TASK STATEMENT:
Write down the listing again exactly as it appears below, without its pictures.

══ DATA SECTION

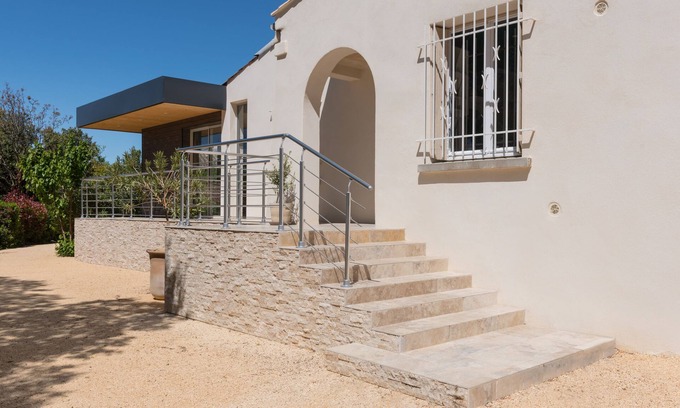 Saint-Maximin House | Close to Uz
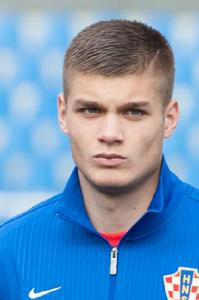 杜耶·查萊塔-卡爾 杜耶·查萊塔-卡爾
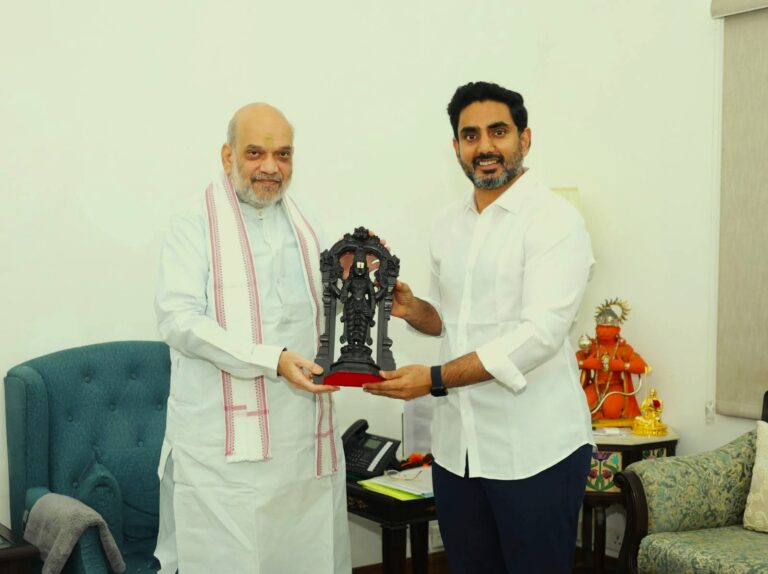 అమిత్ షా గారికి 2,559 రోజుల విజయయాత్ర కోసం హృదయపూర్వక అభినందనలు తెలియజేస్తున్నాం.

════

TASK OUTPUT:
 Saint-Maximin House | Close to Uz
 杜耶·查萊塔-卡爾 杜耶·查萊塔-卡爾
 అమిత్ షా గారికి 2,559 రోజుల విజయయాత్ర కోసం హృదయపూర్వక అభినందనలు తెలియజేస్తున్నాం.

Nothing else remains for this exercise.